## [Activity]
Copy every line that contains the string "Road" from the entries below.

··· Supplied material ···

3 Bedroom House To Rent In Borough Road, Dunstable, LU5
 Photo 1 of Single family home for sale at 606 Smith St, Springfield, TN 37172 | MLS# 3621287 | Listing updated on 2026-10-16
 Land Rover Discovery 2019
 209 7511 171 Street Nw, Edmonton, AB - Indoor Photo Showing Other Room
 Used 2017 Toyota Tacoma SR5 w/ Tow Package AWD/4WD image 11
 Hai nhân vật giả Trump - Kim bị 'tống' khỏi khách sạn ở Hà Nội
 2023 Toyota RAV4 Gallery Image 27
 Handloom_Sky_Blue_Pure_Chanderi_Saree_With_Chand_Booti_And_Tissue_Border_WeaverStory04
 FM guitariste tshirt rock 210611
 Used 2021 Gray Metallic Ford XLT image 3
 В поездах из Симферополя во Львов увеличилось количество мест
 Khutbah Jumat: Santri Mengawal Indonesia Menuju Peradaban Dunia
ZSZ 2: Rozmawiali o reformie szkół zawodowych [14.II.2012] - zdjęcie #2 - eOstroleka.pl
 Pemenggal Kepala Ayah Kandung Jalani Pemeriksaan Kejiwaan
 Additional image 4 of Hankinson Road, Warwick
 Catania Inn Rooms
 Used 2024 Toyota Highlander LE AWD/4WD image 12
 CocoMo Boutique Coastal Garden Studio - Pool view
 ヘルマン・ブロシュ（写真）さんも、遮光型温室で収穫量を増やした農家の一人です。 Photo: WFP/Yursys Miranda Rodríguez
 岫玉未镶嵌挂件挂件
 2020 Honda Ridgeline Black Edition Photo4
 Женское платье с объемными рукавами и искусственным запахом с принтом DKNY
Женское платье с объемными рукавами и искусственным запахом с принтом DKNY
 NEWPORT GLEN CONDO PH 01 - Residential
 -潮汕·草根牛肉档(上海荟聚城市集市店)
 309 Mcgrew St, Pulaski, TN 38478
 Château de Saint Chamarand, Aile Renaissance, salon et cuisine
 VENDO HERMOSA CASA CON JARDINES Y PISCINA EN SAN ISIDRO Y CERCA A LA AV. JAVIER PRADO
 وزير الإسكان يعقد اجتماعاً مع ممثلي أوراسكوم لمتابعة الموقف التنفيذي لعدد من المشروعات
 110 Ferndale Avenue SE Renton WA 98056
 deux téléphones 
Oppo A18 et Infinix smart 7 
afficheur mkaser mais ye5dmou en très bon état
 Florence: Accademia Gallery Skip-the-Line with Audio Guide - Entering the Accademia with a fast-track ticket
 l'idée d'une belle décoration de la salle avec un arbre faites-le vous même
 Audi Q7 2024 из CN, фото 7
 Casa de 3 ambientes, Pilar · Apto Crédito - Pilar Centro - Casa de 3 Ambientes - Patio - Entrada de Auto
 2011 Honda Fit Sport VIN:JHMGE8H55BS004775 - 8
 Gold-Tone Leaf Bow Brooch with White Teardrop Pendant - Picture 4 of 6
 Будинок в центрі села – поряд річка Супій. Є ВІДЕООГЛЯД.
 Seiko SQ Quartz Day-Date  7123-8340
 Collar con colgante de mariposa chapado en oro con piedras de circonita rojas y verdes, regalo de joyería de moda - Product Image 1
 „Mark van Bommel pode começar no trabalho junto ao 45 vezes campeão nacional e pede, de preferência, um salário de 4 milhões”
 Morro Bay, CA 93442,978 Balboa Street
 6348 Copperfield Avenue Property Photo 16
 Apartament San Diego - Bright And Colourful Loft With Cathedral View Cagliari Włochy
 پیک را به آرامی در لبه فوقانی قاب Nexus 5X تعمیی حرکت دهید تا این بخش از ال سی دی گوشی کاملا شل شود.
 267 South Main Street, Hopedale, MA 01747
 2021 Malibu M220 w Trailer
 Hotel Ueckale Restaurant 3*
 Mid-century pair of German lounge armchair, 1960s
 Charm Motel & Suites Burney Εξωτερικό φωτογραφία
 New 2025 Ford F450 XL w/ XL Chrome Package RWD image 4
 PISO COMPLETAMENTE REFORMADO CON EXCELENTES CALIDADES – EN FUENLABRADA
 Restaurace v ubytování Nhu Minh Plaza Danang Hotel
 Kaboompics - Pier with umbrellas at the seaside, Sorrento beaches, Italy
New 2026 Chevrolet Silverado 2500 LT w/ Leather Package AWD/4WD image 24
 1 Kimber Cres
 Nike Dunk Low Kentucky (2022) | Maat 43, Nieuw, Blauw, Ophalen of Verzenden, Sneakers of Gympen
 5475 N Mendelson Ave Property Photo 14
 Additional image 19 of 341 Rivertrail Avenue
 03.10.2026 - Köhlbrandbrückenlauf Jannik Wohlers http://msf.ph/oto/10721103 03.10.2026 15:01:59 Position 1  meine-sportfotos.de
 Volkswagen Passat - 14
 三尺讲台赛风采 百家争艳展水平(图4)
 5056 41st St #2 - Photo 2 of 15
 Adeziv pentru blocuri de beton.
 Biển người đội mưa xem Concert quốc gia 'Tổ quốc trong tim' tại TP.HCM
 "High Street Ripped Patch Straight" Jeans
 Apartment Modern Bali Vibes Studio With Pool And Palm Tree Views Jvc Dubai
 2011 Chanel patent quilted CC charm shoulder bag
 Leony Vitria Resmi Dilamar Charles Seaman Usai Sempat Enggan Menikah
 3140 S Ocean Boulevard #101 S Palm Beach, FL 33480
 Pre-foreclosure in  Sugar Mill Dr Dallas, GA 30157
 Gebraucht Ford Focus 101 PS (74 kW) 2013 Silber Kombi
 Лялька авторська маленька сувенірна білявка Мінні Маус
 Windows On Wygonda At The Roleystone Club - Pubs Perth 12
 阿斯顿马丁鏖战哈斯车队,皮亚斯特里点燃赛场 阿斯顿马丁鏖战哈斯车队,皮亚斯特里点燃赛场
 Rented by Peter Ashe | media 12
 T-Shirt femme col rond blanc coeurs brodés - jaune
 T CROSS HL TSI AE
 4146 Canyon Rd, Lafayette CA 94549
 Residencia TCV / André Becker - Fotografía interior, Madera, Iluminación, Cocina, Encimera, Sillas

···

## [Exercise answer]
3 Bedroom House To Rent In Borough Road, Dunstable, LU5
 Additional image 4 of Hankinson Road, Warwick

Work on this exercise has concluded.